According to another aspect of the present invention, there is provided a method of forming a template by which a photoresist pattern is formed. A transparent plate through which light passes is provided, and a blocking layer is formed on the transparent plate for selectively blocking the light. The blocking layer and the transparent plate are partially removed, so that a blocking layer pattern and a plurality of concave and convex portions are formed for imprinting the photoresist layer.

According to still another aspect of the present invention, there is provided a method of forming a photoresist pattern on a substrate. A photoresist film is formed on the substrate, and a template is pressed on the photoresist film. The template includes a transparent plate through which light passes, wherein a blocking pattern is formed on the transparent plate for selectively blocking the light passing through the transparent plate, and a plurality of concave and convex portions for imprinting the photoresist film. The concave and convex portions are formed in accordance with the blocking pattern. The photoresist film is partially exposed to light selectively passing through the template, and the photoresist film is then developed after being exposed to the light.

BRIEF DESCRIPTION OF THE DRAWINGS

The above and other features of the present invention will become readily apparent by reference to the following detailed description when considered in conjunction with the accompanying drawings, in which:

FIG. 1A is a plan view illustrating a template for forming a photoresist pattern according to a first exemplary embodiment of the present invention;

FIG. 1B is a cross sectional view illustrating the template shown in FIG. 1A;

FIGS. 2A and 3A are plan views illustrating processing steps of a method of forming the template shown in FIGS. 1A and 1B;

FIGS. 2B and 3B are cross sectional views illustrating processing steps of a method of forming the template shown in FIGS. 1A and 1B;

FIGS. 4A to 4E are cross sectional views illustrating processing steps of a method of forming a photoresist pattern on a semiconductor substrate using the template shown in FIGS. 1A and 1B;

FIG. 5 is a cross sectional view illustrating a template for forming a photoresist pattern according to a second exemplary embodiment of the present invention;

FIGS. 6A and 6B are cross sectional views illustrating processing steps of a method of forming the template shown in FIG. 5;

FIGS. 7A to 7D are cross sectional views illustrating processing steps of a method of forming a photoresist pattern on a semiconductor substrate using the template shown in FIG. 5; and

FIG. 8 is a cross sectional view illustrating a template for forming a photoresist pattern according to a third exemplary embodiment of the present invention.

DESCRIPTION OF THE EXEMPLARY EMBODIMENTS

FIG. 1A is a plan view illustrating a template 20 for forming a photoresist pattern according to a first exemplary embodiment of the present invention, and FIG. 1B is a cross sectional view illustrating the template 20 shown in FIG. 1A.

Referring to FIGS. 1A and 1B, the template 20 includes a transparent plate 10 comprising a transparent material such as quartz.
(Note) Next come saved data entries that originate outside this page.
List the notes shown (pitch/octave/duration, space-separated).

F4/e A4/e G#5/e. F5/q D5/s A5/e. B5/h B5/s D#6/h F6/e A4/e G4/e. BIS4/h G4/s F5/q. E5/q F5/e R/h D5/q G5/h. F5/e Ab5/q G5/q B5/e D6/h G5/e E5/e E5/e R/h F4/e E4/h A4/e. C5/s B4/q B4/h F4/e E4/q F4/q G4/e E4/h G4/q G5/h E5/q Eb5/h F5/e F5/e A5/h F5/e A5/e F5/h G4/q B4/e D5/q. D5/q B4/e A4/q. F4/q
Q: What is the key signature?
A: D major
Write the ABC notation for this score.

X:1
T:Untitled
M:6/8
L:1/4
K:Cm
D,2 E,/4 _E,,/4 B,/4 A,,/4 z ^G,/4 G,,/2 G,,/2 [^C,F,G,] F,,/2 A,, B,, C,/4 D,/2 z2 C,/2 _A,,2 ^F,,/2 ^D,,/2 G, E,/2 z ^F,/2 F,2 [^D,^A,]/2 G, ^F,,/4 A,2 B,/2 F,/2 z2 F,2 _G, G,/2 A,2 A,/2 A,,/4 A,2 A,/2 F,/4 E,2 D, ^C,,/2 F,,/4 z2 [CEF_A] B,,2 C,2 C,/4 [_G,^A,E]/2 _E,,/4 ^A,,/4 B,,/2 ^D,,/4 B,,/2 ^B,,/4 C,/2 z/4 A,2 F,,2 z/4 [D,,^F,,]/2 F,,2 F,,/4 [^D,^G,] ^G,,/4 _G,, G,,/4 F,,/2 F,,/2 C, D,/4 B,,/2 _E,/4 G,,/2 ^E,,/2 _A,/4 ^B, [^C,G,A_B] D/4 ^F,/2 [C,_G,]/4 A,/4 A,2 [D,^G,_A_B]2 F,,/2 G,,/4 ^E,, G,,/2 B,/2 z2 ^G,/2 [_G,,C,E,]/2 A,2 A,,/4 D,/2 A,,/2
A plurality of concave and convex portions 12 a and 12 b for imprinting patterns is formed on a top surface of the transparent plate 10. The top surface of the transparent plate 10 comes into contact with a semiconductor substrate when an imprinting process is performed. A line of the photoresist pattern is formed on the substrate along the concave portions 12 a, and a space between the lines of the photoresist pattern is formed on the substrate along the convex portions 12 b during the following imprinting process. A top surface of the convex portions 12 b may be planarized.

A blocking layer comprising a metal such as chrome (Cr) is formed on the top surface of the convex portions 12 b, and a blocking pattern 14 is formed along the convex portions 12 b. Accordingly, the light irradiated onto the template 20 partially passes through the concave portions 12 a, and is partially blocked by the convex portions 12 b.

FIGS. 2A and 3A are plan views illustrating processing steps of a method of forming the template 20 shown in FIGS. 1A and 1B. FIGS. 2B and 3B are cross sectional views illustrating processing steps of a method of forming the template 20 shown in FIGS. 1A and 1B.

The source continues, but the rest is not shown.